__Exercise instructions__.
Please output the entries that follow exactly, without a single image.

__Data to process__.
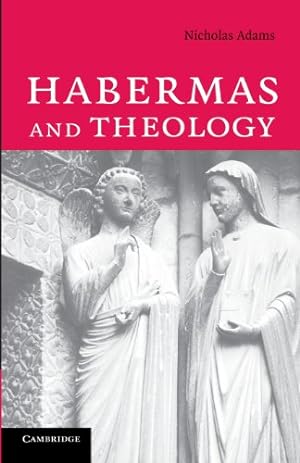 Immagine del venditore per Habermas and Theology by Adams, Dr Nicholas [Paperback ] venduto da booksXpress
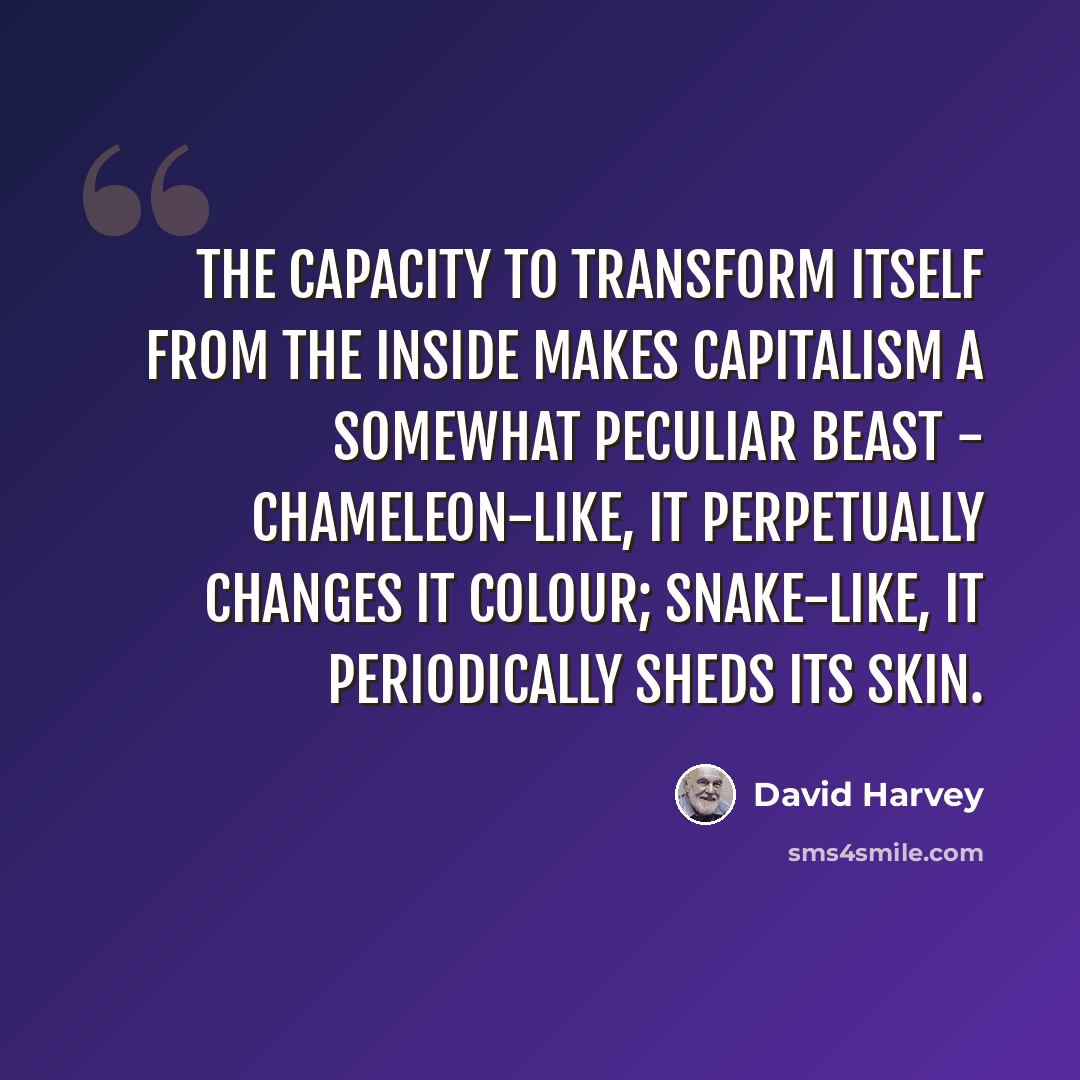 “The capacity to transform itself from the inside makes capitalism a somewhat peculiar beast - chameleon-like, it perpetually changes it colour; snake-like, it periodically sheds its skin.” quote by David Harvey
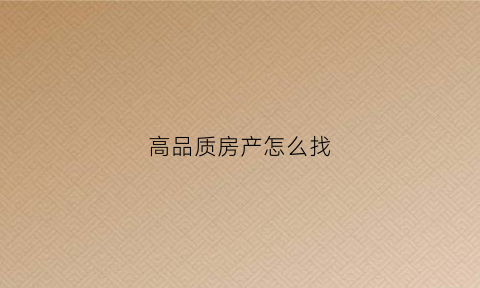 高品质房产怎么找(高品质房产怎么找商铺)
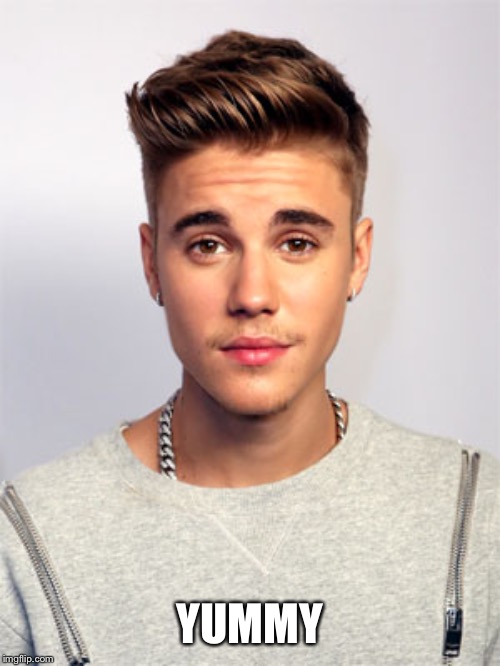 Justin Bieber | YUMMY | image tagged in justin bieber | made w/ Imgflip meme maker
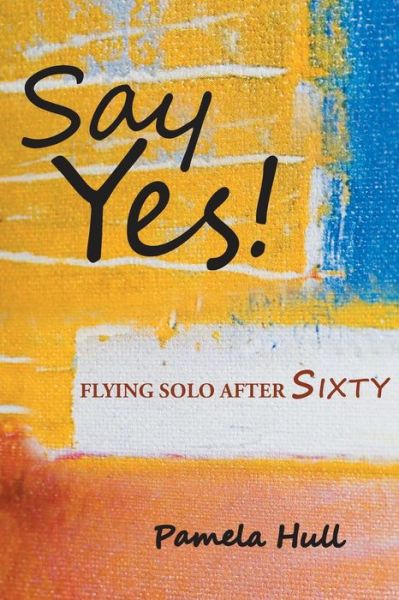 Cover for Pamela Hull · Say Yes! (Paperback Book) (2016)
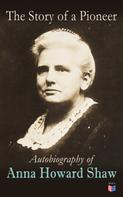 Anna Howard Shaw: The Story of a Pioneer: Autobiography of Anna Howard Shaw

__Answer to the exercise__.
 Immagine del venditore per Habermas and Theology by Adams, Dr Nicholas [Paperback ] venduto da booksXpress
 “The capacity to transform itself from the inside makes capitalism a somewhat peculiar beast - chameleon-like, it perpetually changes it colour; snake-like, it periodically sheds its skin.” quote by David Harvey
 高品质房产怎么找(高品质房产怎么找商铺)
 Justin Bieber | YUMMY | image tagged in justin bieber | made w/ Imgflip meme maker
 Cover for Pamela Hull · Say Yes! (Paperback Book) (2016)
 Anna Howard Shaw: The Story of a Pioneer: Autobiography of Anna Howard Shaw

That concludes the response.